Slow DNS Resolution on Ubuntu Linux Server 14.05 LTS

Posted by & filed under Linux, Server Admin.

This all started with WordPress timeouts. I was trying to activate some premium plugins, and the license activation was timing out. I started doing some digging and found they use the WordPress core library WP_http which in turn uses curl to make the request. I wrote my own code to use WP_Http and it failed in the same way with a timeout. I added a timeout parameter to the wp_remote_get() call, and it was able to complete without a timeout. I then used a IP address in place of the domain name and it worked without the need for the timeout parameter.

<?php
$response = wp_remote_get('http://google.com');
print_r($response);
echo wp_remote_retrieve_body( $response );
?>

With that info in hand, I decided it must be on the server. I started doing some tests:

web@web:~$ time curl "http://google.com"
<HTML><HEAD><meta http-equiv="content-type" content="text/html;charset=utf-8">
<TITLE>301 Moved</TITLE></HEAD><BODY>
<H1>301 Moved</H1>
The document has moved
<A HREF="http://www.google.com/">here</A>.
</BODY></HTML>

real    0m5.565s
user    0m0.007s
sys     0m0.000s

I then did the same test from another server that uses the same DNS servers in resolv.conf:

dev@web1 [~]# time curl google.com
<HTML><HEAD><meta http-equiv="content-type" content="text/html;charset=utf-8">
<TITLE>301 Moved</TITLE></HEAD><BODY>
<H1>301 Moved</H1>
The document has moved
<A HREF="http://www.google.com/">here</A>.
</BODY></HTML>

real    0m0.121s
user    0m0.000s

After much googling, I found a few number of suggested solutions:

  • Disable IPv6
  • Ensure /etc/nsswitch.conf is set correctly (hosts: files dns)

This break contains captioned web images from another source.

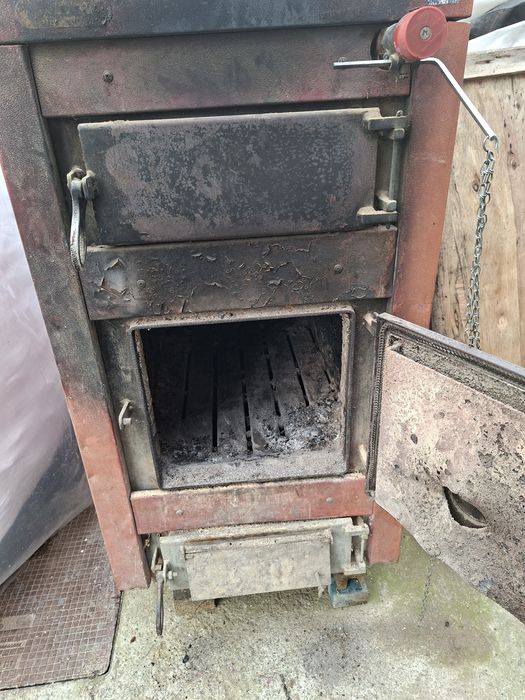 Centrala pe lemne 45 kw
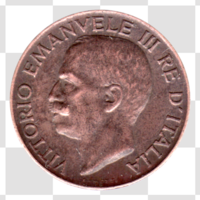 Preview 5 centesimi, 1933 obverse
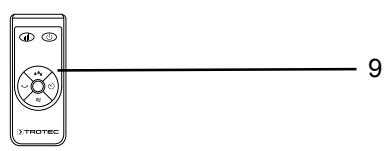 TROTEC PAE 26 - Description de l'appareil - 4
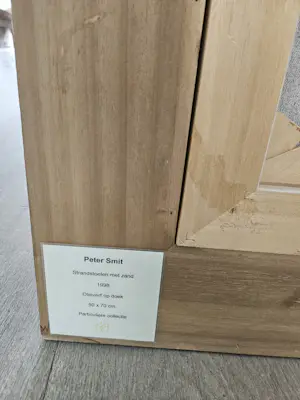 AcheterPeter Smit - Strandstoelen met zand? Enchérissez de 150!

Neither of these worked for me. Finally, I added the following directive into my resolv.conf and it fixed the issue!

options single-request

Apparently, this is actually somewhat related to ipv6 — from the resolv.conf manpage:

single-request (since glibc 2.10)
                     Sets RES_SNGLKUP in _res.options.  By default, glibc
                     performs IPv4 and IPv6 lookups in parallel since
                     version 2.9.  Some appliance DNS servers cannot handle
                     these queries properly and make the requests time out.
                     This option disables the behavior and makes glibc
                     perform the IPv6 and IPv4 requests sequentially (at the
                     cost of some slowdown of the resolving process).

Now, I get good response times when I curl:

web@web:~$ time curl google.com
<HTML><HEAD><meta http-equiv="content-type" content="text/html;charset=utf-8">
<TITLE>301 Moved</TITLE></HEAD><BODY>
<H1>301 Moved</H1>
The document has moved
<A HREF="http://www.google.com/">here</A>.
</BODY></HTML>

real    0m0.170s
user    0m0.007s
sys     0m0.000s

Looks like the resolver sends parallel requests, fails to see the IPv6 response, waits 5 sec and sends sequential requests because it thinks the nameserver is broken. By adding the options single-request, glibc makes the requests sequentially be default and does not timeout.

I found some good info and hints on this issue here: https://bbs.archlinux.org/viewtopic.php?id=75770

Lastly, to bring this whole thing full circle, the WprdPress plugins now are able to get out and communicate successfully. Woohoo!